By reason of various associations between the partners of Nelson Wheeler Kia Ora, Western United, and, in particular, one Harold Abbott (who, the trial judge found, "orchestrated" the takeover) it was said that Nelson Wheeler was not "independent" of Kia Ora.

The Issues

The trial judge had held that there was no fiduciary duty between Nelson Wheeler and Kia Ora. This was on the basis that fiduciary obligations arise because a person has come under an obligation to act in another’s interests. His Honour held that there was no other reason to suggest the existence of a fiduciary relationship in this case. It was to be expected that Nelson Wheeler would act competently and independently, but that firm was not "guiding" or "influencing" Kia Ora in a manner that suggested an "ascendency" over the plaintiffs.

The Full Court of the Supreme Court disagreed. Their Honours concluded that there was a fiduciary obligation between Nelson Wheeler and Kia Ora and that undivided loyalty was required. The only way that such a duty could be satisfied was by Nelson Wheeler declining to act at all.

The Full Court held that the "alignment" of Nelson Wheeler with the directors gave rise to a conflict of duty and interest in that Nelson Wheeler’s duty was to act independently whereas the directors’ "interest" was in maximising the value of Western United so that they, personally, received the maximum amount of consideration.

The Majority Decision

The High Court decided, by majority, that there was no fiduciary duty owed by Nelson Wheeler to Kia Ora. Where a relationship is demonstrated to be fiduciary in nature, prescriptive duties arise (such as duties to avoid conflicts of interests, duties of loyalty etc) which, if breached, give rise not only to a right of compensation, but also a right to have the fiduciary account for any profits improperly made.

Their Honours considered that the case for the existence of a duty was simply not proven; conflicts of interest of a fiduciary nature are not demonstrated to have existed merely because there were past dealings between the parties.

The Dissent

As Justice Kirby’s opening remarks suggest, His Honour considered the nature of the duties owed by Nelson Wheeler to Kia Ora to be the most significant issue in the case.

There are some relationships, such as the solicitor/client relationship, that are automatically fiduciary in nature. These "categories" of relationships are restricted, and can only be extended by clear analogy.

His Honour noted that, like the relationship between doctor and patient, the relationship between Chartered Accountant and client has not yet been classified as one that is automatically fiduciary in character (unlike, say, the relationship between solicitor and client).

It is not sufficient to impose fiduciary obligations on an alleged wrongdoer, simply to point to the vulnerability of the person wronged.

Various approaches have been adopted in the past, and the courts take various considerations, such as the common requirement of "loyalty" into account.

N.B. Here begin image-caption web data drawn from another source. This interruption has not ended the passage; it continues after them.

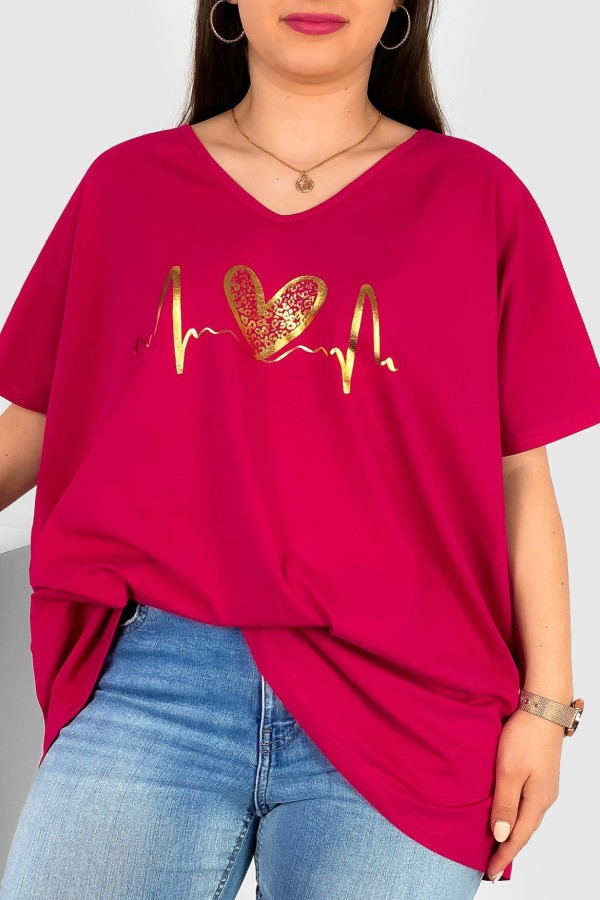 Bluzka damska T-shirt plus size w kolorze fuksji złoty nadruk linia życia serce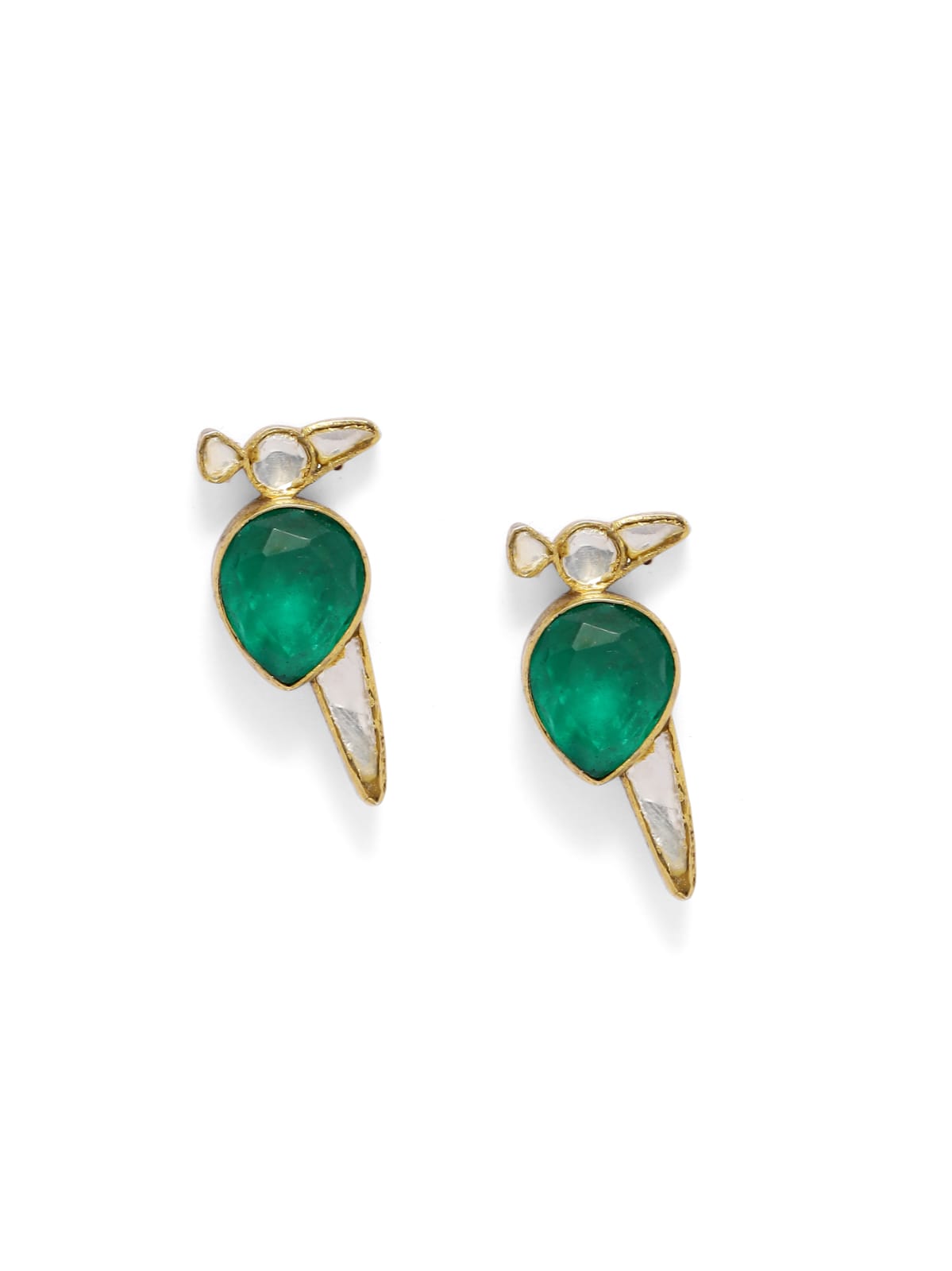 Mayur earrings with Polki stones
Push and post closure.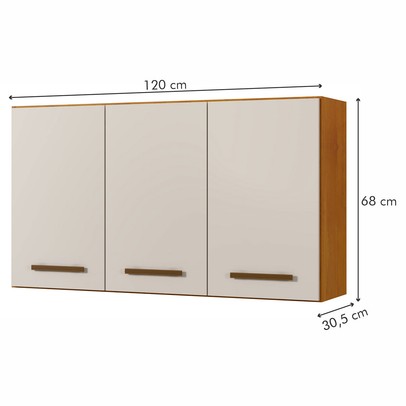 Armário Aéreo Cozinha Etios 3 Portas Nature/Off White - Kaiki Móveis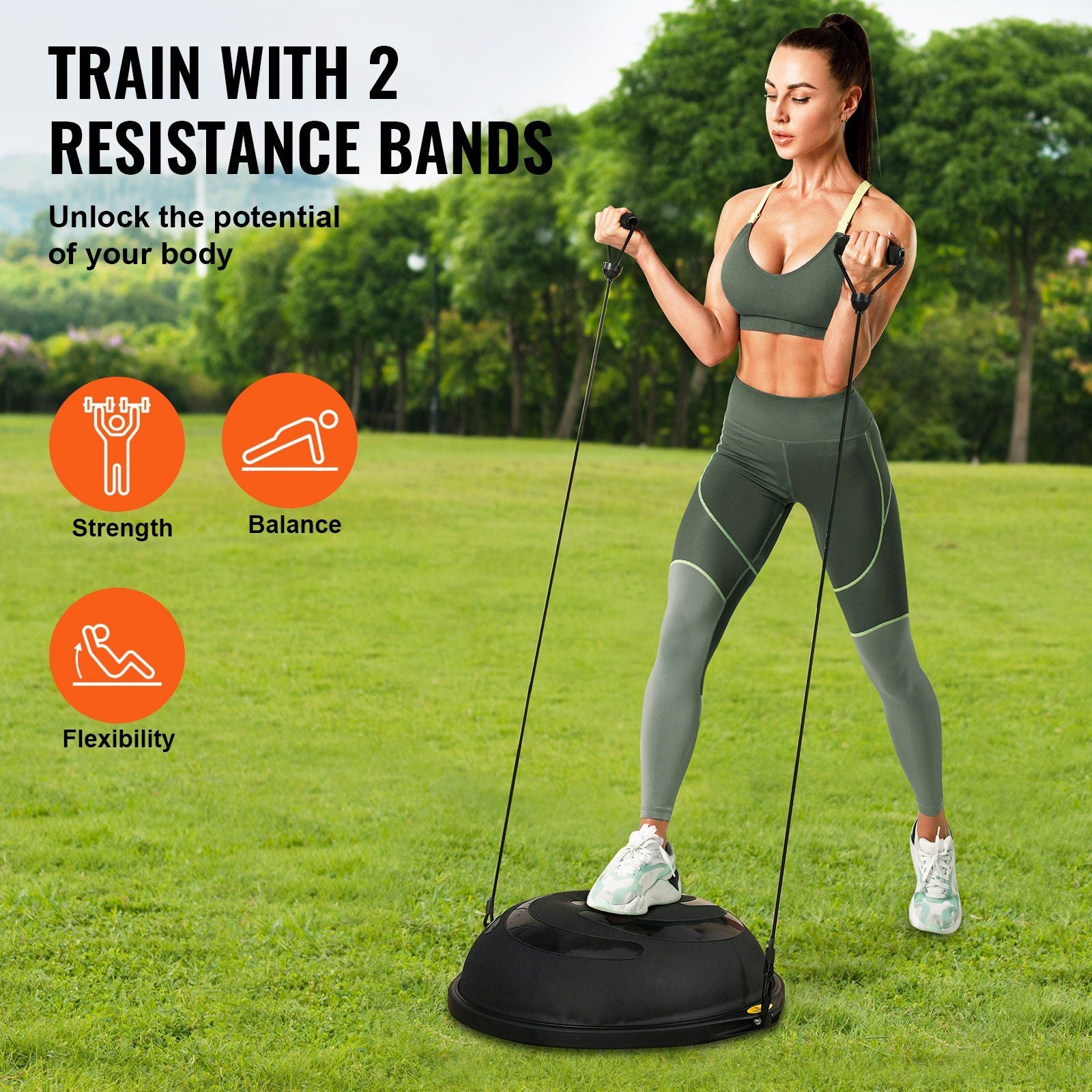Half Exercise Ball Trainer, 26 inch Balance Ball Trainer, 1500lbs Capacity Stability Ball, Yoga Ball with V952-PHXLQ64CMKLWR0JDGV0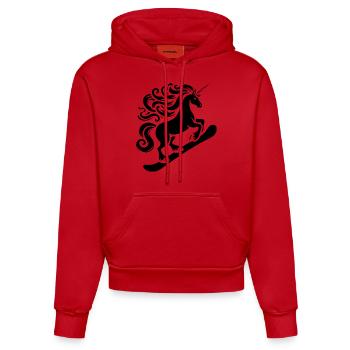 Minimalistisches Design: Einhorn Snowboarder - Organic Fitted Hoodie Made in EU - Rot - Vorne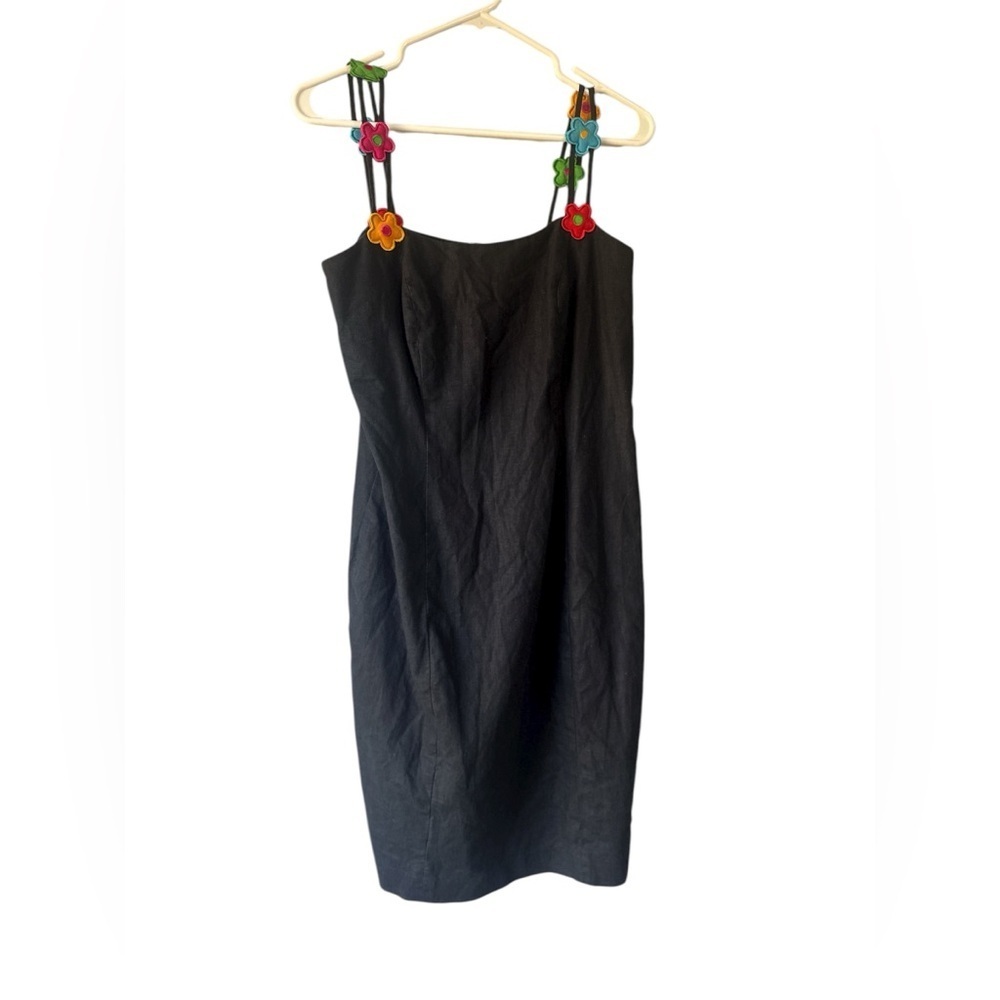 Vintage 90s floral strap Elegant Black Dress Colorful Straps cotton linen size10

Upon consideration of the facts, His Honour concluded that the relationship between Nelson Wheeler and Kia Ora was not merely contractual in nature, but had a higher quality; it was a fiduciary relationship.

Conclusions

The High Court has affirmed that the accountant/client relationship does not, of itself impose upon accountants the sort of strict duties of loyalty that are imposed upon solicitors.

Accountants will usually be subject to a duty of care, in tort, and often as an implied term of their contract of retainer. Whether, in the circumstances of a particular case, they are subject to a higher duty essentially comes down to an analysis of all the circumstances of the case. To determine the duties to which an accountant, or indeed, any other consultant, financial adviser, or the like, will be held requires a careful analysis of circumstances of the relationship, the terms of the retainer, and the position of the client.